### Problem:
An exact copy of the data is required. No picture may appear in it.

=== Supplied material ===

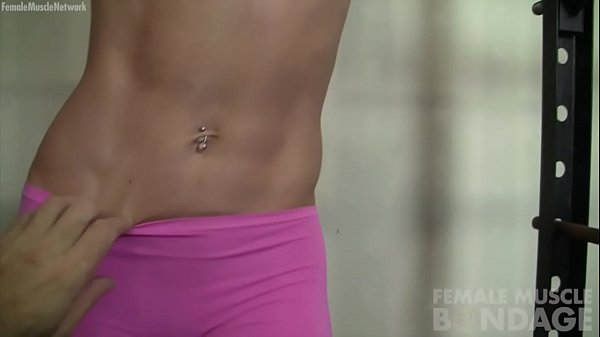 Muscle girl chained up in gym for POV bondage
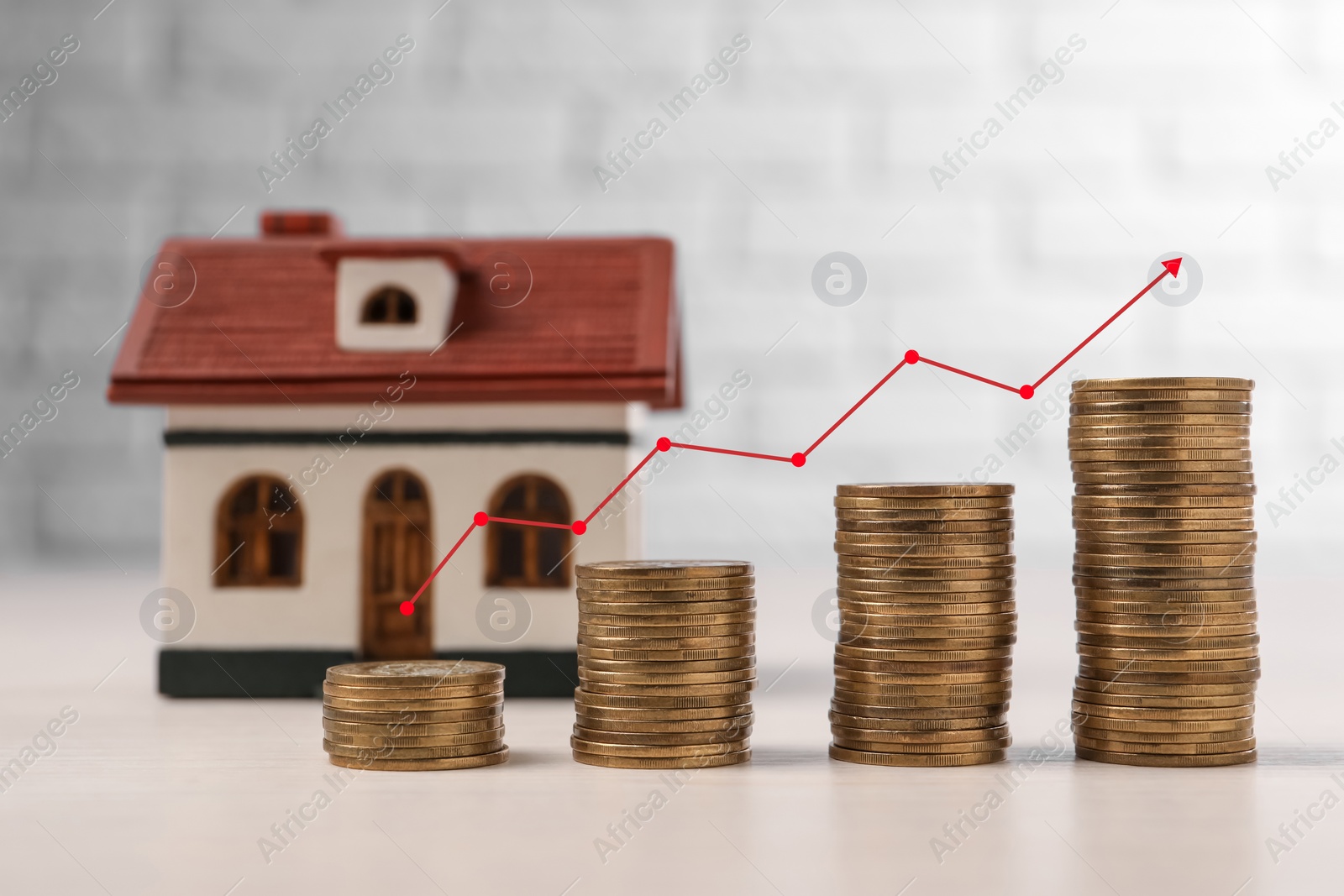 Image of Mortgage rate. Stacked coins, graph and model of house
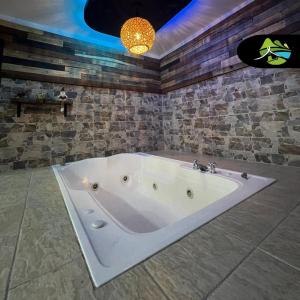a bath tub in a bathroom with a stone wall at Finca Campestre Villa del Campo in Santa Rosa de Cabal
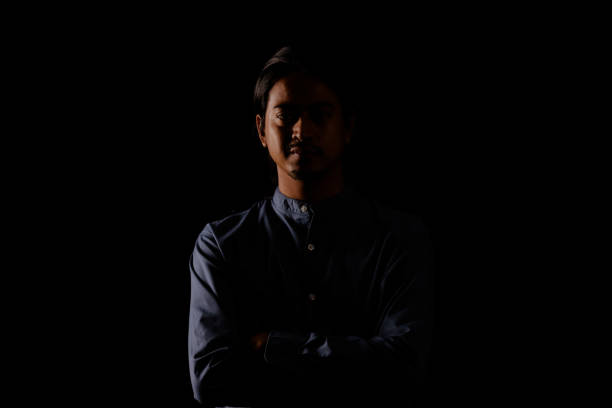 istock Young man portrait in high contrast dark background. 1409990393
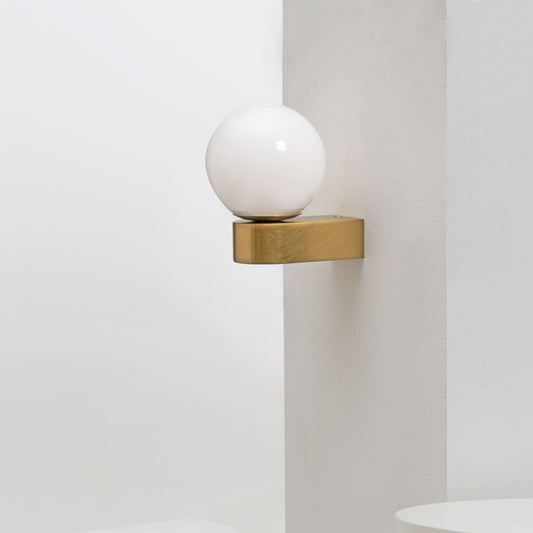 Modern wall sconce with a round hand-blown glass shade mounted on a neutral wall, creating a soft ambient glow ideal for contemporary interiors in melbourne, australia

===

### Exercise solution:
 Muscle girl chained up in gym for POV bondage
 Image of Mortgage rate. Stacked coins, graph and model of house
a bath tub in a bathroom with a stone wall at Finca Campestre Villa del Campo in Santa Rosa de Cabal
 istock Young man portrait in high contrast dark background. 1409990393
 Modern wall sconce with a round hand-blown glass shade mounted on a neutral wall, creating a soft ambient glow ideal for contemporary interiors in melbourne, australia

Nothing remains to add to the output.